Let me clarify my concern with an example from the symposium. The exegetical presentations in the auditorium had an unnerving tone of details and minutia. Often the devil is in the details but we need theologians who can inspire us with broad and sweeping teachings where the minutia serve the Gospel and do not become the Gospel. At times it seemed as though the modern liberals have seduced us into asking so many questions about the historicity of the Bible to the point that the Scriptures become sterile objects of scientific study. In contrast to the annoying minutia approach of the main presentations, I found a different tone in a couple of minor papers presented in the smaller venues of the symposia. Pastors Wolfmueller and Fisk presented exegetical papers early on Wednesday morning. There are usually only a handful of attendees at these break-of-dawn presentations. It was standing room only for Wolfmueller and when it was Fisk’s turn we all had to move to a lecture auditorium because of the ectra twenty people waiting outside the room. We were not disappointed by either paper and to my point, they had a totally different tone than the papers in the main hall. Both Wolfmueller and Fisk fed us straightforward Biblical themes and led us through the Scriptures to support their point. Fisk and Wolfmueller would have no beef with the presenters in the main hall and the main hall presenters would have no beef with them. I am not pitting one against the other. I am simply asserting that I find over and over again in academic circles in the LCMS an overemphasis on the jargon and the questions of the modern liberal world that sterilize the Word of God.

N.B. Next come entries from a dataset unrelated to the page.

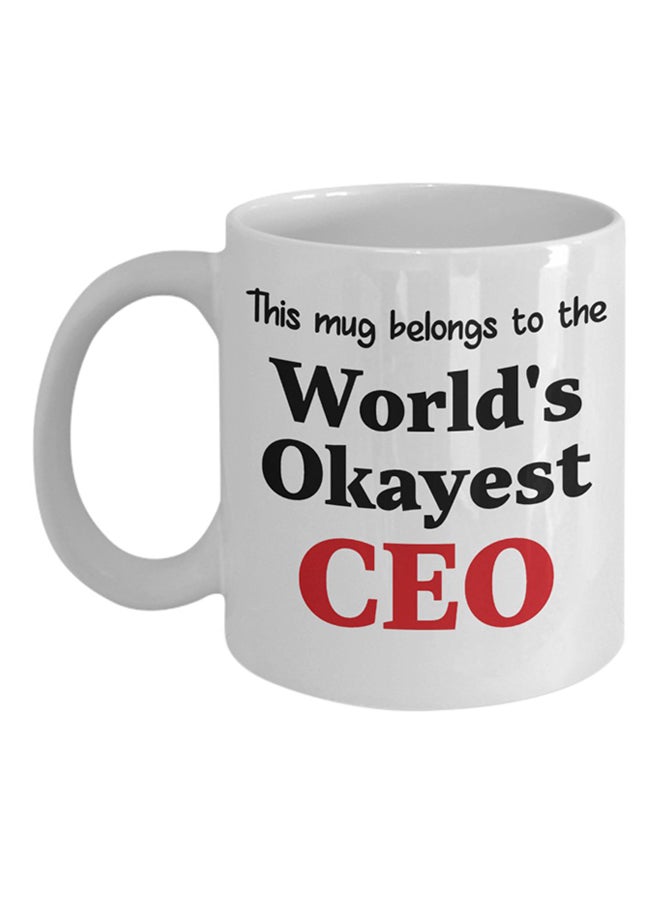 إيتالكو كوب قهوة بطبعة عبارة "World's Okayest Ceo" أبيض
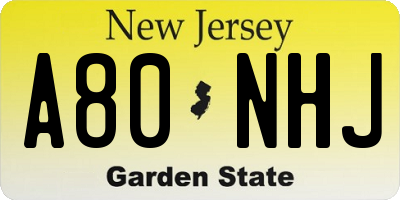 NJ license plate A80NHJ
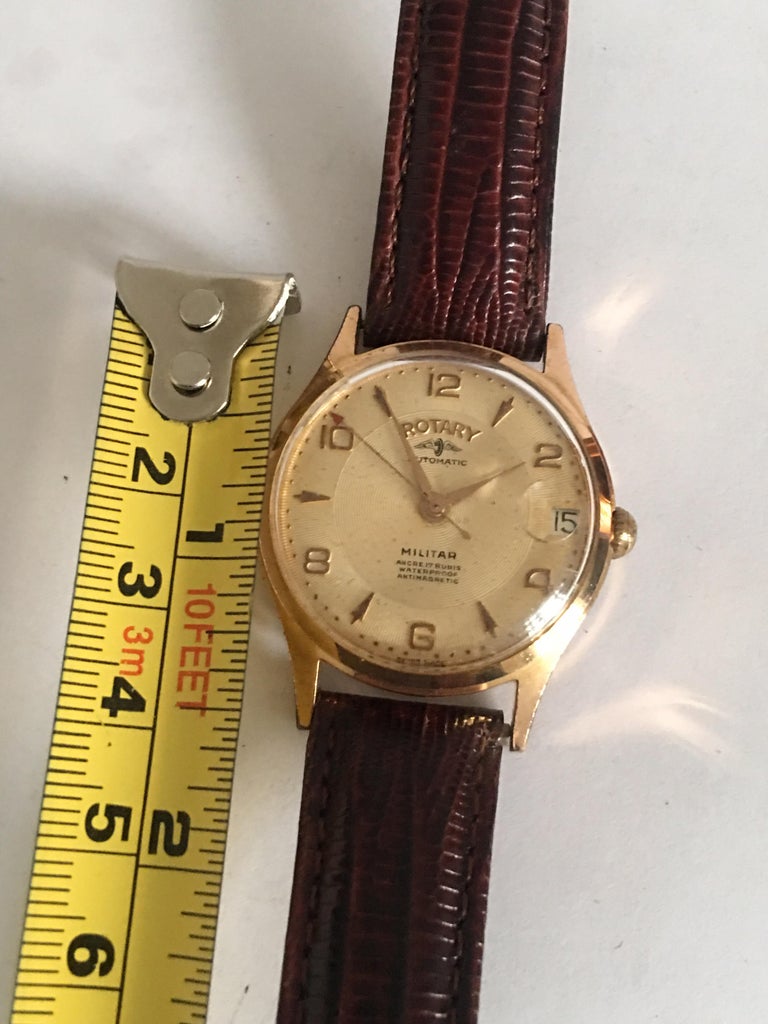 Gold-Plated Vintage 1940s Rotary Automatic Military Watch For Sale 2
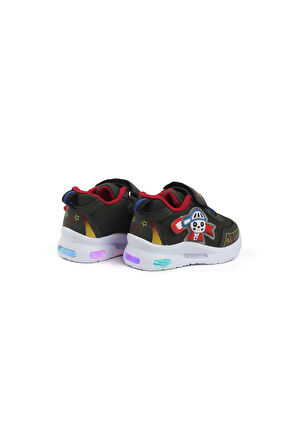 Unisex Bebe Haki Kırmızı Figürlü Işıklı Cırtlı Sneaker Günlük Spor Ayakkabı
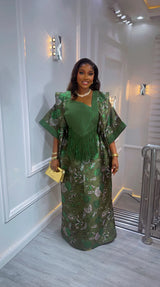 Luxury Green African Kaftan Dress for Women | Elegant Fringe Maxi Gown | Traditional Party & Wedding Outfit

I think the approach of Missouri academia from the first half of the last century was more healthy than the current tone and I am pleased that the young bucks may be moving back to that jargon and thus taking a step forward.

The golden age of Missouri certainly had its faults. One of the presenters in the main hall rightly criticized the main stay golden age Bible commentaries of Lenski as having scant reference to the sacraments. The golden age was not always golden. I see the young theologians having the new and great respect for the sacraments but also using a throw-back, common sense approach to teaching the faith with simple language.

I am all for academic study. ( have a masters of divinity, a masters of arts in philosophy, and a doctorate of ministry.) What I am opposed to is letting the modern liberal set the agenda for us. Let us make the study of the liberal agenda an important secondary matter and spend our time forming pastors by the Scriptures, the Confessions and the works of Luther. That is the point of the fine new curriculum changes at Fort Wayne but in my estimation, that right spirit has not yet come to predominate in the exegetical symposium.